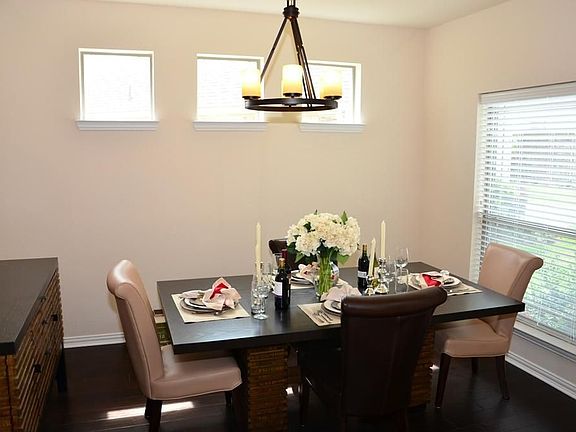 3rd image of 7511 Amber Village Cir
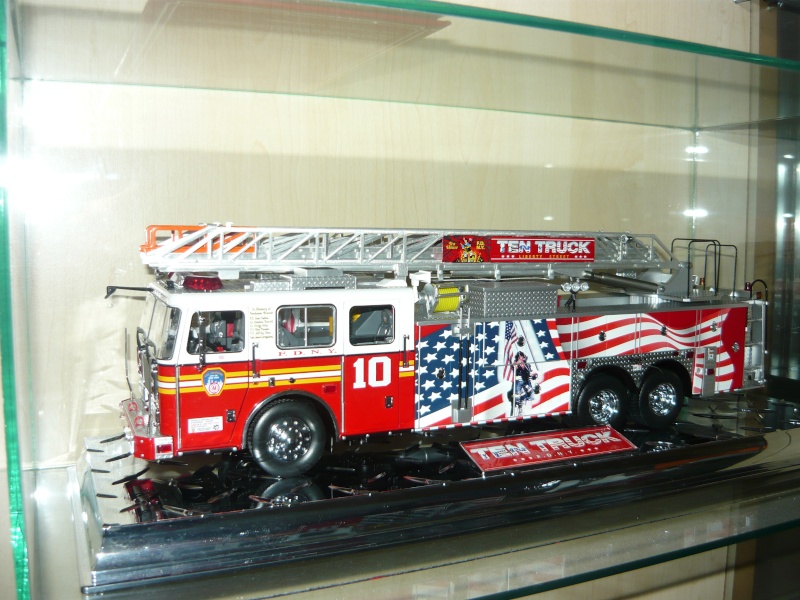 Code 3 : Diamond plate series FDNY Ladder 10 P1010115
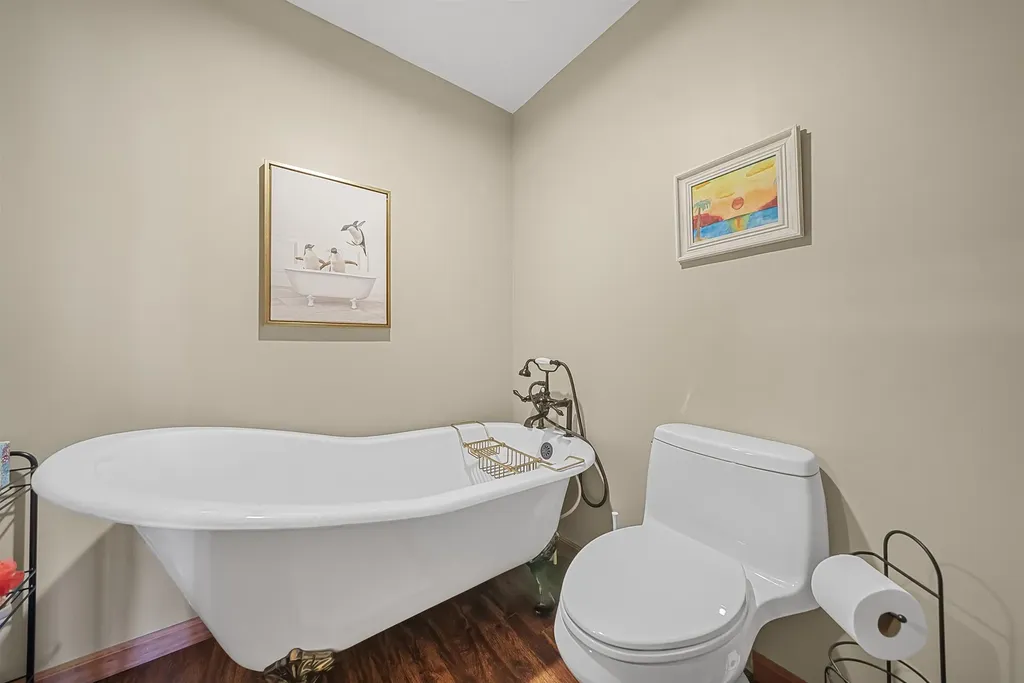 8580 N Bayview Avenue Leelanau Township MI 49670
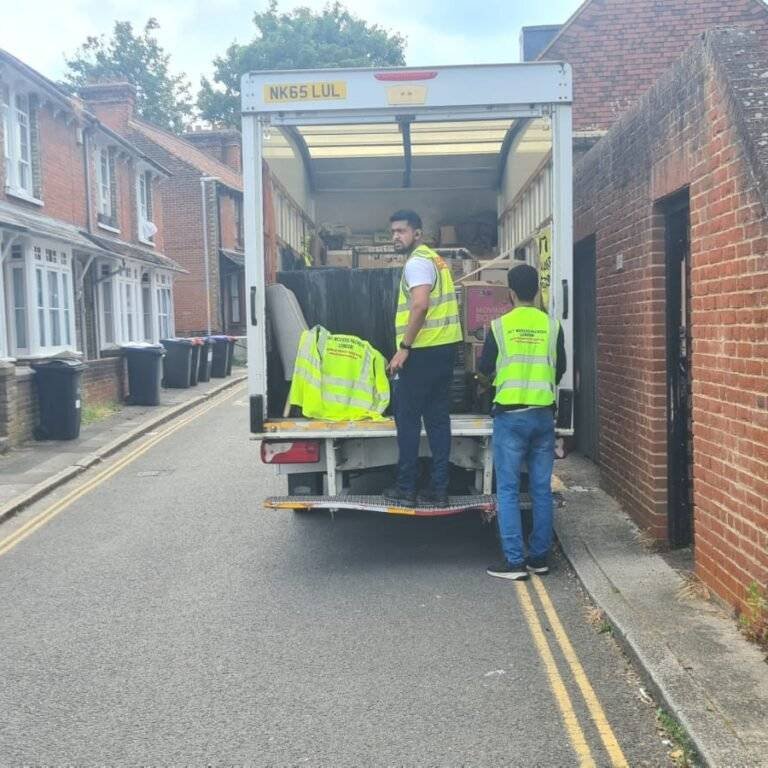 📦 From Chaos to Calm: How London Movers Simplify Every Step of Your Relocation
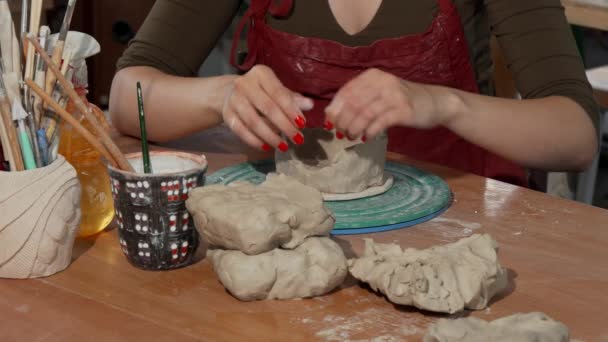 Vrouw werken met keramiek bij de pottenbakkerij — Stockvideo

____

* EXERCISE
Your answer should consist solely of the lines from the one holding "8580 N Bayview" through the end of the listing, reproduced exactly and without pictures.

* ANSWER BOX
 8580 N Bayview Avenue Leelanau Township MI 49670
 📦 From Chaos to Calm: How London Movers Simplify Every Step of Your Relocation
 Vrouw werken met keramiek bij de pottenbakkerij — Stockvideo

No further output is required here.